The historical narrative that Dinesh D’Souza has been peddling since 2015 is wrong in its general outlines — pretending, for example, that Democratic and Republican parties are exactly the same today as 150 years ago — and in a great number of its details. This is necessarily so, because D’Souza’s technique of taking some anti-American or anti-White historical accusation promoted by Marxists and twisting it around so that it is only applicable to Democrats, inherently requires omissions and distortions.

Conservative American White people feel browbeaten with accusations of wrongdoing against other races. They have been browbeaten for many decades. The proper response to this is a kind of historical revisionism that will put them on a firm foundation to reject being browbeaten. Facts can be questioned, context can be added that changes the meaning of the facts presented, and even the value-judgments about certain actions can be rejected.
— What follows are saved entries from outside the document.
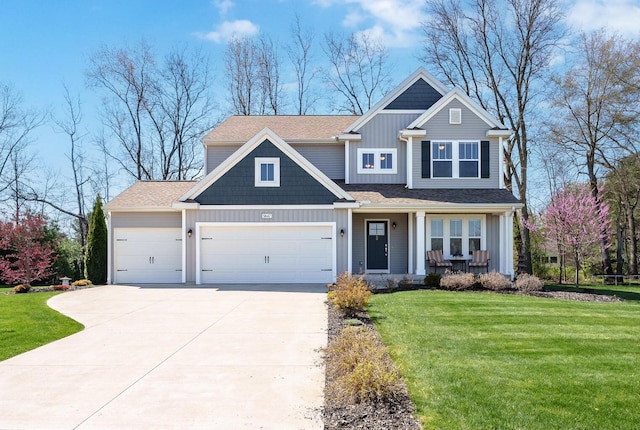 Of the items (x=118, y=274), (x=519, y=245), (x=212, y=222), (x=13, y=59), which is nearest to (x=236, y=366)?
(x=212, y=222)

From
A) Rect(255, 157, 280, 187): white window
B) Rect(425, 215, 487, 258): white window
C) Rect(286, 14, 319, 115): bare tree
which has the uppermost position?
Rect(286, 14, 319, 115): bare tree

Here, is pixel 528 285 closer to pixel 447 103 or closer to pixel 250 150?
pixel 447 103

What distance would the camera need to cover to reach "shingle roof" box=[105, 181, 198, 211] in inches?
738

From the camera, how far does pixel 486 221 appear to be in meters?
19.5

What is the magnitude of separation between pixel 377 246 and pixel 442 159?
4148 millimetres

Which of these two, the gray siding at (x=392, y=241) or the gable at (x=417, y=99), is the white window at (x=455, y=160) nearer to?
the gable at (x=417, y=99)

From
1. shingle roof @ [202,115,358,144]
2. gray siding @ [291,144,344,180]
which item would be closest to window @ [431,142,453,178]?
gray siding @ [291,144,344,180]

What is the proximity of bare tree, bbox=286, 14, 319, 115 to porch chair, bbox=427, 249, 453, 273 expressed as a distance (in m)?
17.4

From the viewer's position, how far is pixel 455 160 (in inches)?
783

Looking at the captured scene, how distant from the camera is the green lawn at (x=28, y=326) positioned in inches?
329

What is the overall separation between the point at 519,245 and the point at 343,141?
11.8 meters

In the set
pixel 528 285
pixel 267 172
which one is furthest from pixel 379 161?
pixel 528 285

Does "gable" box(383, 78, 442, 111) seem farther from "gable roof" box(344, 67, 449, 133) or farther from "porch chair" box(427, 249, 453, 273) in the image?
"porch chair" box(427, 249, 453, 273)

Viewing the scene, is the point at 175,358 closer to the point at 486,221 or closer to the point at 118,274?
the point at 118,274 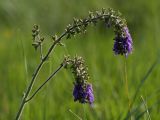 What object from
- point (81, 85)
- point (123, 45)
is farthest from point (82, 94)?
point (123, 45)

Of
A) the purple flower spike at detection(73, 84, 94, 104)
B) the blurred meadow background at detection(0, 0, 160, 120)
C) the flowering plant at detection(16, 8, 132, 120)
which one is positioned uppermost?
the blurred meadow background at detection(0, 0, 160, 120)

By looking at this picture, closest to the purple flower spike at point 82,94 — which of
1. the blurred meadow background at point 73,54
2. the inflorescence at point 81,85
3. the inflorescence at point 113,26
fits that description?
the inflorescence at point 81,85

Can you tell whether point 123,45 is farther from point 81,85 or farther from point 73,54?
point 73,54

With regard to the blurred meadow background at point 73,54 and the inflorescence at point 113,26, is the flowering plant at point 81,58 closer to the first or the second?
the inflorescence at point 113,26

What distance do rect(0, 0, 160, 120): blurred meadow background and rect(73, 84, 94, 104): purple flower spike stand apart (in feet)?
1.18

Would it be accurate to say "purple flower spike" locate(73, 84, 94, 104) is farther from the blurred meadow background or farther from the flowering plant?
the blurred meadow background

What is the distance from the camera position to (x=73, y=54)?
20.2 ft

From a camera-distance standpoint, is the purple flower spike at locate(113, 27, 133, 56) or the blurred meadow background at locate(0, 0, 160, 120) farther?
the blurred meadow background at locate(0, 0, 160, 120)

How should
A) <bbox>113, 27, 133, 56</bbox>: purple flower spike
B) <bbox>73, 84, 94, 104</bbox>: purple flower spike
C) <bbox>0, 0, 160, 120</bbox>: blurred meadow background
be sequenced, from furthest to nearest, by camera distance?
<bbox>0, 0, 160, 120</bbox>: blurred meadow background < <bbox>113, 27, 133, 56</bbox>: purple flower spike < <bbox>73, 84, 94, 104</bbox>: purple flower spike

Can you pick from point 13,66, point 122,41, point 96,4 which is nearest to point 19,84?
point 13,66

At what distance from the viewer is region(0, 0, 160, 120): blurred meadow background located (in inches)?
154

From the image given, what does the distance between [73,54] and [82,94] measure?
3614 millimetres

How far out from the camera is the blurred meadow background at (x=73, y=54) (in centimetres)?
391

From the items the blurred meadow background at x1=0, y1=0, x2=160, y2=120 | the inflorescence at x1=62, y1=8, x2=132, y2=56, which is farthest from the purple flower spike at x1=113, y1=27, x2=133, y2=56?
the blurred meadow background at x1=0, y1=0, x2=160, y2=120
The appeal of Dinesh D’Souza’s work is that it supplies a balm for the distress of being browbeaten, but his approach is completely wrong. The problems with D’Souza’s historical revisionism are (1) that it is very superficial and untenable, and (2) that it maintains leftist accusations and value-judgments that keep White people trapped in the box where they must struggle to “prove” that they are not fascist, not nazi, and not racist. Moreover, it teaches White people to affirm the Judaeo-Marxist value-judgments associated with those labels. From a White perspective, the escape that Dinesh D’Souza offers gives only temporary relief and is ultimately a trap.

This has to be stopped.

Anyone who actually finds D’Souza’s narrative convincing cannot be generally well informed about the broad outlines of American history. Consequently, the approach for deprogramming such people cannot be about broad outlines; it must focus on specific, finite claims. That is what I am presenting here, a list of specific, finite claims where D’Souza is clearly taking liberties.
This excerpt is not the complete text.